What the German bird books now know as the Turmfalke has enjoyed a huge range of names over the centuries, among them Wannenweher.
A Wanne is a winnowing basket, among many other things. Since antiquity, the regular back-and-forth of winnowing has inspired what J.N. Adams delicately styles “a rustic metaphor” for other rhythmic motions, and in German, the successors of the lexicographic brothers Grimm remind us that Wanne, the instrument subjected to those motions, has been expressly glossed as denoting the feminine pelvis and associated structures. (I do not know whether the French criblette, also attested as a kestrel name, occurs with the same meaning.)
The second part of the compound, wehen, in the context of winnowing or thrashing also refers to a swaying or shaking movement. Thus, Wannenweher occupies precisely the same risqué semantic field as our English name.

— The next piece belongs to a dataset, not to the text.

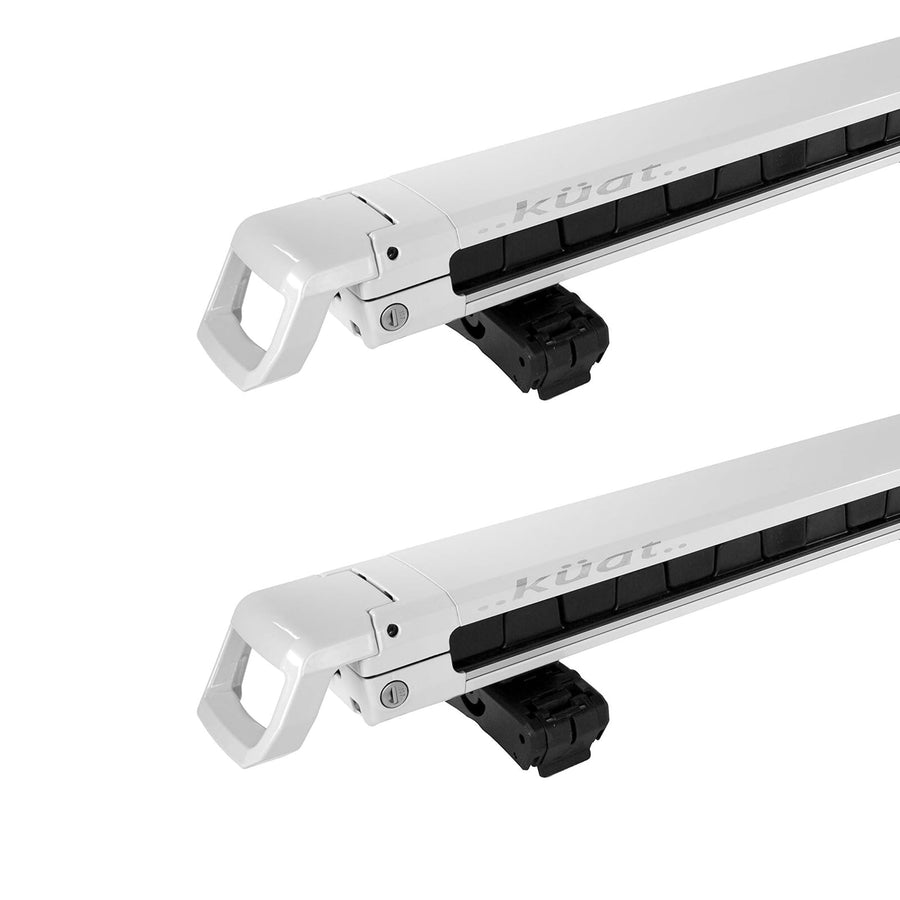 Grip 6 KUAT Durable Universal Car SUV Rooftop Crossbars Mounted Winter Sports Gear Hauling Transportation Slide-Out Locking Clamshell Rack, Fits 6 Skis/4 Snowboards - Pearl with Silver Anodize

This observation raises a question about the apparently innocent alternative name Rüttelfalke. The verb rütteln, meaning to sway or shake
violently, has also been used since at least the mid-nineteenth century to
refer to the hovering flight of kestrels, kites, and ospreys. That word, too,
however—and no surprise here—has been used with coarse physical signification.
The DWB declines to take a stand, noting only that “perhaps” such
raptor names as Rüttelweihe and Rüttelgeier were formed with
the more innocuous meaning of the verb in mind.